Publié le 16 avril 2020 dans Les carnets de l'Inventaire

L’appel à l’aide à saint Martial

En 994, une maladie, le « mal des ardents » décime la population dans toute l’Europe. L’épidémie est vite perçue par tous comme un châtiment divin et les malades s'empressent d'envahir les églises où ils implorent le pardon de Dieu. Guillaume IV, duc d’Aquitaine, convoque les représentants de l’église et les invite à prier près de la sépulture de saint Martial. Celui-ci était le premier évêque de Limoges et le grand évangélisateur de l’Aquitaine, au IIIe siècle. Les reliques du saint sont portées sur le Mont Jovis - le Mont Jupiter - point le plus élevé de la ville de Limoges, pour implorer Martial d’une intercession divine pour mettre fin à la maladie, dont l’origine demeure mystérieuse.

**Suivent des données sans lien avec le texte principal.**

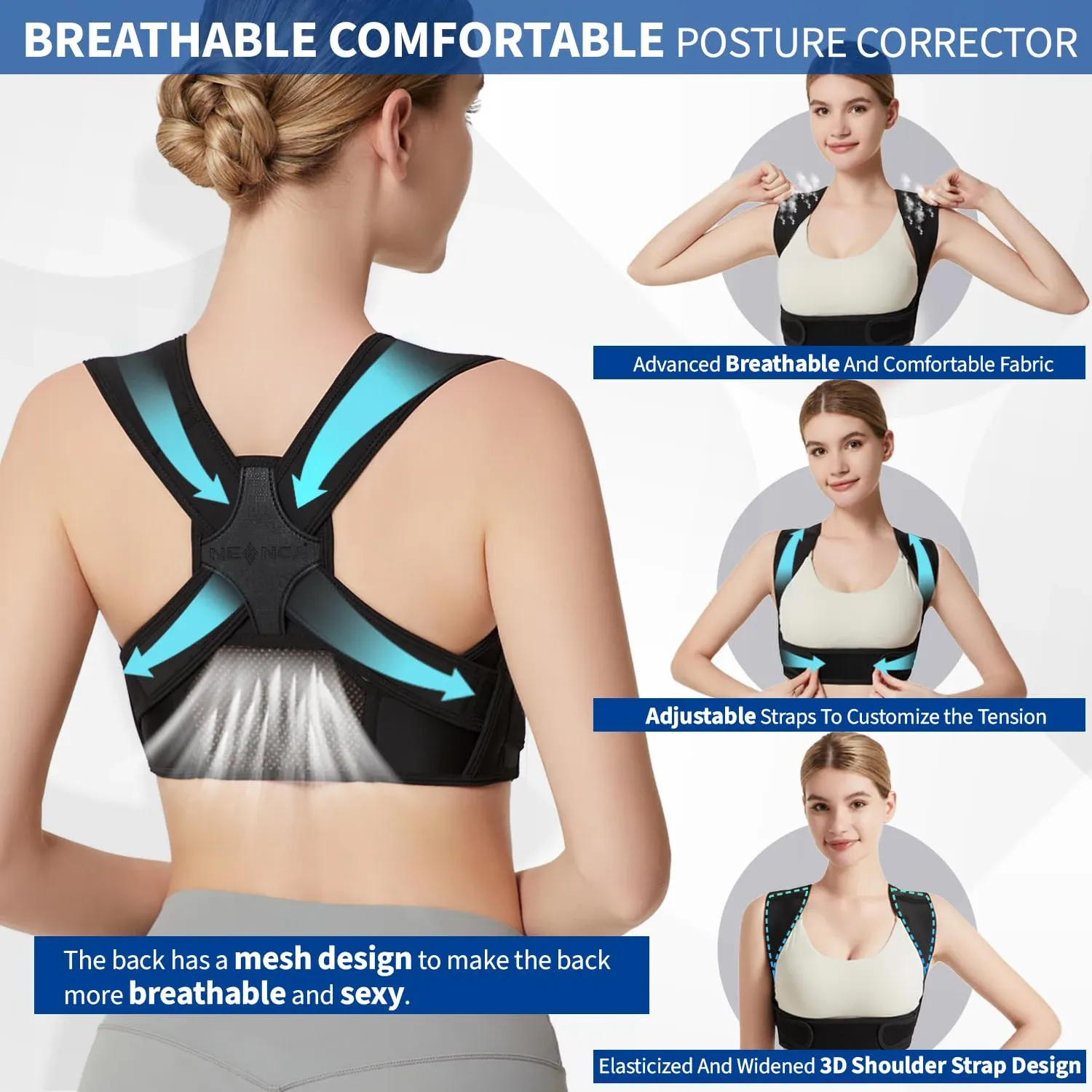 Correcteur de posture NEENCA pendant une activité sportive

Le miracle se produit, des milliers de malades guérissent. Depuis ces temps éloignés, la population limousine commémore cet évènement lors des Ostensions septennales, désormais inscrites par l’Unesco sur la liste du patrimoine culturel immatériel de l’Humanité, en 2013.

L'appel à saint Martial

En ce début d’année 2020, alors qu’une nouvelle pandémie s’abat sur la planète, les confrères de saint Martial ont choisi d’élever, le lundi 23 mars dernier1, en l’église Saint-Michel-des-Lions, à Limoges, la châsse reliquaire de saint Martial. Il s’agit d’une toute première étape, liée à la prière pour les malades et toutes celles et ceux qui les soignent. La confrérie s’interroge et n'exclue pas une possible sortie du reliquaire et son ouverture pour permettre la vénération des reliques. Cette exposition constituerait un évènement exceptionnel en dehors des périodes des ostensions septennales. Toutefois les processions rituelles ne pourraient être envisagées dans le contexte du confinement.

La force du symbole

La tradition des ostensions limousines s'est perpétuée jusqu’à nos jours et elles ont toujours lieu tous les sept ans. Les dernières se sont déroulées en 2016. De nombreuses communes de Haute-Vienne mais aussi de Creuse, Charente et Vienne participent à ces ostensions. Les célébrations apparaissent riches de symboles : l’élévation terrestre à partir du Mont Jovis – point de la ville le plus élevé et donc le plus proche du ciel -, la montée de la châsse ou encore la nature même de la relique, le crâne de saint Martial, représentative du sommet du corps, du chef et de l’intelligence.

Trouver l’origine du mal

Le « mal des ardents » du Moyen âge était en fait une intoxication alimentaire. L'origine du mal qui a terrifié et contaminé le Limousin en 994 est désormais connue. Le responsable du "mal des ardents" (ou ergotisme) est un minuscule champignon (l'ergot), parasite du seigle. Il a fortement infecté cette céréale en 994 et la large consommation de pains de seigle infestés a malheureusement intoxiqué les cultivateurs des campagnes comme les bourgeois de Limoges.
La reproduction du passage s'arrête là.